Позднее неприязнь оформилась в четкую гражданскую позицию. Я был убежден – это нелепое душевное свойство является одной из самых коварных ловушек, которые Воланд выдумал на погибель человеку. Поддаваться ему, значит, окончательно угробить себя. Эта подлая «сть», как, впрочем, и «целеустремленность» или «принципиальность», предполагает, что ее носитель изначально кому-то должен. Более того, несчастный чаще всего испытывает головокружащую радость оттого, что допустил эту ядовитую жидкость в свое сердце. Отравленный «ответственностью», он полагает, что ему доверили принять участие в каком-то великом и благородном деле. Его страх – это страх радостный, сходный с энтузиазмом, но от этого он не становится менее страхом.

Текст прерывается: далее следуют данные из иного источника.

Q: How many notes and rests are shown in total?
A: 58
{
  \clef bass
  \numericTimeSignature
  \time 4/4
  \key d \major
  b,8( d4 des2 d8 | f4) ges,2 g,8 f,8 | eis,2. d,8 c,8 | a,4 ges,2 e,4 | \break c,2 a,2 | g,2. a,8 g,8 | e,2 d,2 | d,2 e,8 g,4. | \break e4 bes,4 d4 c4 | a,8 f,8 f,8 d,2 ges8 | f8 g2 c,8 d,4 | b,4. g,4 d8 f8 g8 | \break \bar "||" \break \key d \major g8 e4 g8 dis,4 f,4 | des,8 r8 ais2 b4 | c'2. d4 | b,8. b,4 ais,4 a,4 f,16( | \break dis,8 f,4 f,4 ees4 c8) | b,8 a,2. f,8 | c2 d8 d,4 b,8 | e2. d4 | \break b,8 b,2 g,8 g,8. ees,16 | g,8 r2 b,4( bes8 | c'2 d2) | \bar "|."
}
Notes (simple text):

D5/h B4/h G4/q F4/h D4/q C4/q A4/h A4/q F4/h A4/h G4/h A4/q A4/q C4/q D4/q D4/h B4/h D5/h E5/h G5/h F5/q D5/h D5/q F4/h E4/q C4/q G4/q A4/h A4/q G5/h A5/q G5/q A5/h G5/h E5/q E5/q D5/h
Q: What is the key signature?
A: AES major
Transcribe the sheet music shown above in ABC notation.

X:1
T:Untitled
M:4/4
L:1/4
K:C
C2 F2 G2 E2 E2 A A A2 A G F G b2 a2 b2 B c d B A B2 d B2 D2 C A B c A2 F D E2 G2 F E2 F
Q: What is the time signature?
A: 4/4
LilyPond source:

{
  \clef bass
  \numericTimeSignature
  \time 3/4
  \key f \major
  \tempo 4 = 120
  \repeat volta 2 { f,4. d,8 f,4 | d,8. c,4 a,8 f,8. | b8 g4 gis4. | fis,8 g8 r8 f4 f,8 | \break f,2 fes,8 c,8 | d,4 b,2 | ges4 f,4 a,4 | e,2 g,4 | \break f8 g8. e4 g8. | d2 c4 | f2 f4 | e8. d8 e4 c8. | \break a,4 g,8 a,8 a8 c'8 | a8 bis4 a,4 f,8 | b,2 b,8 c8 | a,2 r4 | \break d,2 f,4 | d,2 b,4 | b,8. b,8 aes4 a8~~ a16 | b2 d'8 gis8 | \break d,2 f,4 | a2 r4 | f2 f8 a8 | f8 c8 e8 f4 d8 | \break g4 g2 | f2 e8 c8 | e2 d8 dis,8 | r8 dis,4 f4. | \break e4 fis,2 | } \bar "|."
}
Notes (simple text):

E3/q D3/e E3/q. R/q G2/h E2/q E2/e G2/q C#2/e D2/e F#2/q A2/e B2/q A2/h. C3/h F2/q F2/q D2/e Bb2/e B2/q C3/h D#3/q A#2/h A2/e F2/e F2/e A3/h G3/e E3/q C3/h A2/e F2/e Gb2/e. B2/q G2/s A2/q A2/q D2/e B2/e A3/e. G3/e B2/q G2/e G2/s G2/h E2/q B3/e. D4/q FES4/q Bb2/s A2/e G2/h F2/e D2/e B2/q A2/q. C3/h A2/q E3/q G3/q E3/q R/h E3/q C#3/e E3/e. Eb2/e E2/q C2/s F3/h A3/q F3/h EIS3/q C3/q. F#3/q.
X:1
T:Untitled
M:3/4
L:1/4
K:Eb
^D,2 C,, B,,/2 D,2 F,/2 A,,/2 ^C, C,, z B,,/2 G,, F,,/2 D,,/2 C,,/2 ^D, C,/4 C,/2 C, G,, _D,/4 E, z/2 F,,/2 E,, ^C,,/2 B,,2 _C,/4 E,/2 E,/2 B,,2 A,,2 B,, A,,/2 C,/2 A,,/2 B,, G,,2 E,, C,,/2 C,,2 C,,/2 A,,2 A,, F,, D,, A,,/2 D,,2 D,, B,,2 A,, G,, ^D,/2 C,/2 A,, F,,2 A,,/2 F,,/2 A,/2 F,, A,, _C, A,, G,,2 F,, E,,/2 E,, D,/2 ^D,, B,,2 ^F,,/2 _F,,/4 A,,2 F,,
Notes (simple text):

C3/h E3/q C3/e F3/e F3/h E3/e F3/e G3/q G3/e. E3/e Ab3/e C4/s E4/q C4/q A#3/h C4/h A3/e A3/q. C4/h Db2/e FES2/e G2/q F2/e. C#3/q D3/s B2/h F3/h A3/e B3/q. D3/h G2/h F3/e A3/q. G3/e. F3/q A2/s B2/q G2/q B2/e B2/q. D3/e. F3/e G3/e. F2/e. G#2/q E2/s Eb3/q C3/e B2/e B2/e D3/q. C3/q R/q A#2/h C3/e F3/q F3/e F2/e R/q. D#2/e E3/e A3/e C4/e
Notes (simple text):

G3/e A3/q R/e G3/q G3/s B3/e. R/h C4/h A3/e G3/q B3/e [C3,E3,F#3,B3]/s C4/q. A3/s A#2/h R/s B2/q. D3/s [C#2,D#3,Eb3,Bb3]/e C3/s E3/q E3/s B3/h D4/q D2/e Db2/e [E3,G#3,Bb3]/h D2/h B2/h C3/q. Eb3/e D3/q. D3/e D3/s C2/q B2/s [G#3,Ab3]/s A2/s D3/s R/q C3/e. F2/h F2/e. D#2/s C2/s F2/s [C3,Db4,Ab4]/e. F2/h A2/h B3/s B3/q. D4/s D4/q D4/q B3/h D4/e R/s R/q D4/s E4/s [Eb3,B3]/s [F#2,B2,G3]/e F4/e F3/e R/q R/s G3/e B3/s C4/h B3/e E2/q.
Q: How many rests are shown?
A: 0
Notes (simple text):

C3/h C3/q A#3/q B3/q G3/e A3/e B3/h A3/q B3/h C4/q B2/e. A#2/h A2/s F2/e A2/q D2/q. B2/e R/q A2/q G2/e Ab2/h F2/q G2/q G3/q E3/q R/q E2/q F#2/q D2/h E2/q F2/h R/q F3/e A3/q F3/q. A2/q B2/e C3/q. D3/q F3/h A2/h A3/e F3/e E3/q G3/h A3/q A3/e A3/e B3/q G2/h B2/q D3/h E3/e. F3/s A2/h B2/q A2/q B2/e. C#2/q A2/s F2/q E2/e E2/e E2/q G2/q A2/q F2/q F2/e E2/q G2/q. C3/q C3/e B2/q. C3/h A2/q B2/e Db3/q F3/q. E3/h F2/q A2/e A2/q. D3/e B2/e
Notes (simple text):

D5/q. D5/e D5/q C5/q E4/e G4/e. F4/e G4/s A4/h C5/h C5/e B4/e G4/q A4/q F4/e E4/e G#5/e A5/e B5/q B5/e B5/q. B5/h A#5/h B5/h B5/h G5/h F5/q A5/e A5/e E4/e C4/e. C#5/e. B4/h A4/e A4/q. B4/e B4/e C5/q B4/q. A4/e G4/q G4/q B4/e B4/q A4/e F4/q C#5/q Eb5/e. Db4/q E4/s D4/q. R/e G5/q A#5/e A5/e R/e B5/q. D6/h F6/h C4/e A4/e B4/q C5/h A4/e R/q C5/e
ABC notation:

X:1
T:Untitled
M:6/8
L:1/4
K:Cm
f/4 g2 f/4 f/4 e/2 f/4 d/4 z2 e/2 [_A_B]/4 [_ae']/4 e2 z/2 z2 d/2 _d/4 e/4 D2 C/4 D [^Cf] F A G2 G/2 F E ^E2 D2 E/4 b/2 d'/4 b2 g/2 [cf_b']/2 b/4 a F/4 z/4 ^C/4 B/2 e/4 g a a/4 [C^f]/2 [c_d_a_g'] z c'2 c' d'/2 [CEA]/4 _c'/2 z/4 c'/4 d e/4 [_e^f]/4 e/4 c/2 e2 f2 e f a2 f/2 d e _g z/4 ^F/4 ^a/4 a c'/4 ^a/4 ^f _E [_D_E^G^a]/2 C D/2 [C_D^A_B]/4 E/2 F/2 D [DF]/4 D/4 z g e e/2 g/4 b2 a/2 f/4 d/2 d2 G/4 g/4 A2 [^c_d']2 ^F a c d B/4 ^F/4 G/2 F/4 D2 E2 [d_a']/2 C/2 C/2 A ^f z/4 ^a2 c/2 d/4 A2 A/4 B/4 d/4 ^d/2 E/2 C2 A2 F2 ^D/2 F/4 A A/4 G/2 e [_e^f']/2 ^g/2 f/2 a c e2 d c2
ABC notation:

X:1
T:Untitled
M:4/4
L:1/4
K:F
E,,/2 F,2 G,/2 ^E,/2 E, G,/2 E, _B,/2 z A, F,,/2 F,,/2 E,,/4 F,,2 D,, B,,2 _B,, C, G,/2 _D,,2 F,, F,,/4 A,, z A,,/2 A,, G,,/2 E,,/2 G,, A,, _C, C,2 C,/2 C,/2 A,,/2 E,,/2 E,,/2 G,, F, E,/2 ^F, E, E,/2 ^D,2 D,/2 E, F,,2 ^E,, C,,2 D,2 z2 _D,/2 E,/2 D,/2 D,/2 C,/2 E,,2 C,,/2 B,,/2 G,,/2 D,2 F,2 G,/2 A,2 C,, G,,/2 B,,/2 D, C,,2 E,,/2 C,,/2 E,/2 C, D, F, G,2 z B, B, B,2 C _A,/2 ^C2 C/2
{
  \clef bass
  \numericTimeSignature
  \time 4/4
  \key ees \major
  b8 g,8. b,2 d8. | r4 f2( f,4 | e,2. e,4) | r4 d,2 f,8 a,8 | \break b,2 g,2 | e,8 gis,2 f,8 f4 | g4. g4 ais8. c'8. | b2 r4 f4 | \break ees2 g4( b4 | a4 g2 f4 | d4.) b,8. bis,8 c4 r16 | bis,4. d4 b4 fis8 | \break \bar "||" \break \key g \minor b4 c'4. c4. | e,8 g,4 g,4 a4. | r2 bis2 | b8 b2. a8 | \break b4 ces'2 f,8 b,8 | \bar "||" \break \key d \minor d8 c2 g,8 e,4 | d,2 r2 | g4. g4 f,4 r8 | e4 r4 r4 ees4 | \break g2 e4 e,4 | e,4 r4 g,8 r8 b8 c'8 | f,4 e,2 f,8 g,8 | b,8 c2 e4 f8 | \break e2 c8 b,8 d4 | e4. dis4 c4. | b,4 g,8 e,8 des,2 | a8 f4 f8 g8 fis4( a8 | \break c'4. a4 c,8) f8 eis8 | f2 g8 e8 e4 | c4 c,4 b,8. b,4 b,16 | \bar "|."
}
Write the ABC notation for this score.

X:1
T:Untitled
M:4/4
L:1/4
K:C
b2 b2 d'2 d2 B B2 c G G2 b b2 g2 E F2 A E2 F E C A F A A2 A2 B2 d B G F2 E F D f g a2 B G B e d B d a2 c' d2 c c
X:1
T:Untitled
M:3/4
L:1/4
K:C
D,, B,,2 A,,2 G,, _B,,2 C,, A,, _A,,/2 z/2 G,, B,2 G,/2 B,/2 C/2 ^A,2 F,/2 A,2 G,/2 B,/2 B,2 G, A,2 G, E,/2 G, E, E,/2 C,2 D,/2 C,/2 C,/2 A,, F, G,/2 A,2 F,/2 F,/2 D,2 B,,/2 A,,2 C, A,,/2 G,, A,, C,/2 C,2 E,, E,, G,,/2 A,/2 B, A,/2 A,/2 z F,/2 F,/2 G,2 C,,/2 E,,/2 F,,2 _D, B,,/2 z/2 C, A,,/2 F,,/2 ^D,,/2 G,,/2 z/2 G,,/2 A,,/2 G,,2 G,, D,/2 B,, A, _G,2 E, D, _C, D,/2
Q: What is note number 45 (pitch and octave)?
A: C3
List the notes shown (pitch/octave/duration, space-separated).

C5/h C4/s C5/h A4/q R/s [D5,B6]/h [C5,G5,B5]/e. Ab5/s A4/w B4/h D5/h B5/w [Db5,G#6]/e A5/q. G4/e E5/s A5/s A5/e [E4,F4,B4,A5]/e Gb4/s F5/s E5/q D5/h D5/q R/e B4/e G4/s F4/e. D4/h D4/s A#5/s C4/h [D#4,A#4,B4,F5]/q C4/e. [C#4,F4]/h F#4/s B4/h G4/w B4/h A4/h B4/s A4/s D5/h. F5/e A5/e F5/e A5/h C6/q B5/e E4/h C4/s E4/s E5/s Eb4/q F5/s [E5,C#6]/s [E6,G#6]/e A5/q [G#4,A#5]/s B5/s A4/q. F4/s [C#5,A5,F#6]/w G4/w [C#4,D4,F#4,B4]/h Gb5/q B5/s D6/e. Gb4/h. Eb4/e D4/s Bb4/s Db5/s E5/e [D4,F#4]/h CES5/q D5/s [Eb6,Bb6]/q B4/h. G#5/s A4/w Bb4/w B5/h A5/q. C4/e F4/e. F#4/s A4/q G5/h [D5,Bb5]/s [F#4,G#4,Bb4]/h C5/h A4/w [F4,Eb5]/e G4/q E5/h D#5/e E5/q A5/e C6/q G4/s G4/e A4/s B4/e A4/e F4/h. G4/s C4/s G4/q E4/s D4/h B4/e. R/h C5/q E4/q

Короче, я вас любил, чего же боле…

Что я господину Гакову, что он мне?

О притаившемся в засаде Рылееве я уже не говорю. Пора бросить эту волынку к во́ландовой матери и заняться входящим в моду описательством всякого рода доморощенного рэкета, хитроумного вымогательства или мордобойного шантажа, совершаемого «тетями манями» и «дядями ванями».

За окном сгущалась тьма, плакали звезды.

Помалкивали коты, да и собакам взгрустнулось.

Было тихо…

Я потыкал пальцами в клавиатуру:

«…здесь мы вступаем на минное поле всякого рода домыслов и трудно доказуемых фактов, составляющих жизненный путь Булгакова, однако необходимость объяснить подоплеку мистической настороженности, проявленной в отношении недоброжелательного к новой власти писателя и не менее таинственная неприкасаемость его в самый напряженный момент обострения борьбы за власть, вынуждает меня прибегнуть к…»

На этой фразе я застрял.

В «прибегнуть к…» явственно ощущалось что-то набоковское, чужеродное, идущее от истины и плохо стыкующееся с правдой.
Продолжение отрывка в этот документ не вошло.